▶ **Task objective**:
The pictures do not belong in the copy. Restate all of the records word for word.

▶ **Data provided**:
◆ ◆ ◆

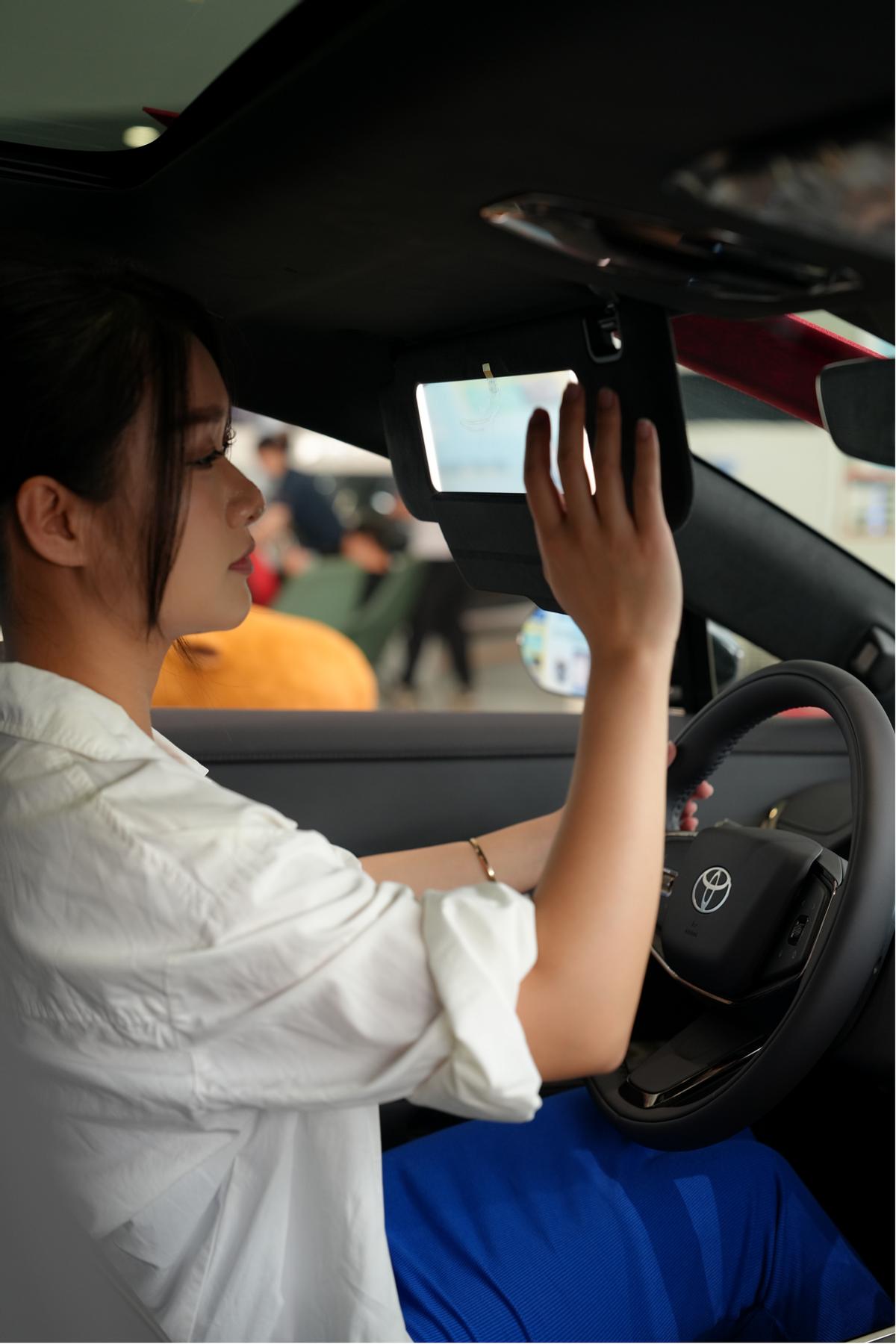 购车理念进阶：女性追求全能座驾，铂智7纳入比较的新信号
汽车对于现代女性而言，正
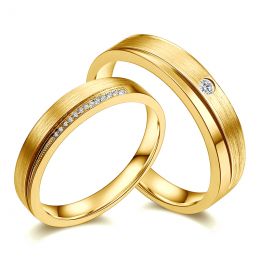 Coppia di fedi Oro giallo e diamanti. Una punta d'amore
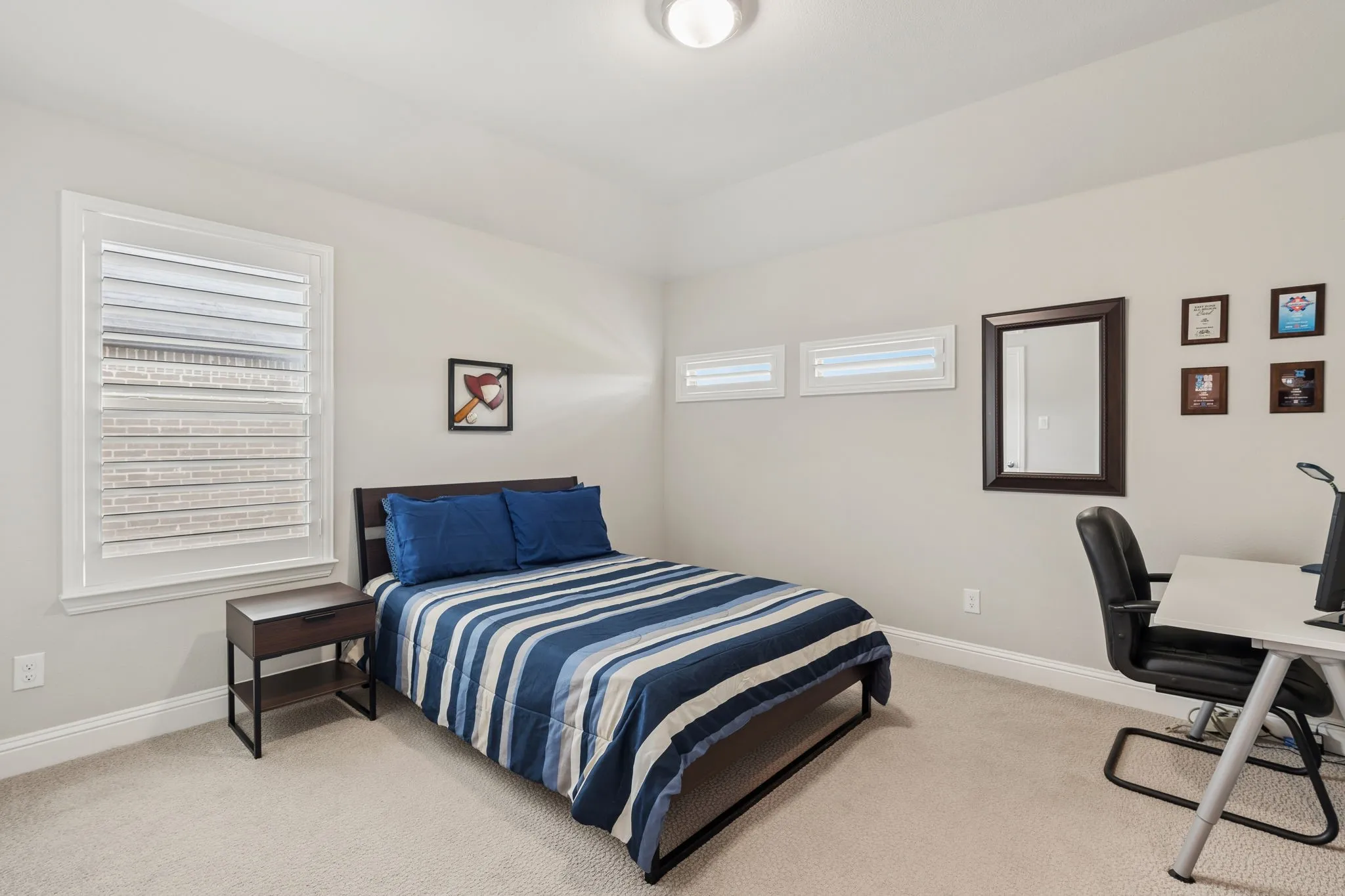 Single Family Residence For Sale in Denton County , 16458 Creek Plum Road, Frisco, Texas 75033, 4 Bedroom, 5 Bathroom, 3 Garage spaces, 3,656 Sqft, built in 2022, mls#21268842, Real Estate Agent in Frisco, Homes For Sale in Denton county, Homes For Sale in Frisco, Realtor in Frisco Texas, Real Estate Brokerage Independent Realty Texas, Luminita Cordes Realtor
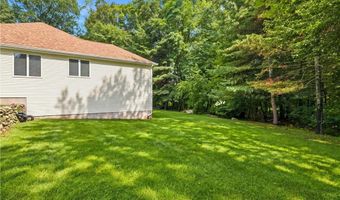 7 Foxwood Dr, Lincoln, RI 02865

◆ ◆ ◆

▶ **Task answer**:
 购车理念进阶：女性追求全能座驾，铂智7纳入比较的新信号
汽车对于现代女性而言，正
 Coppia di fedi Oro giallo e diamanti. Una punta d'amore
 Single Family Residence For Sale in Denton County , 16458 Creek Plum Road, Frisco, Texas 75033, 4 Bedroom, 5 Bathroom, 3 Garage spaces, 3,656 Sqft, built in 2022, mls#21268842, Real Estate Agent in Frisco, Homes For Sale in Denton county, Homes For Sale in Frisco, Realtor in Frisco Texas, Real Estate Brokerage Independent Realty Texas, Luminita Cordes Realtor
 7 Foxwood Dr, Lincoln, RI 02865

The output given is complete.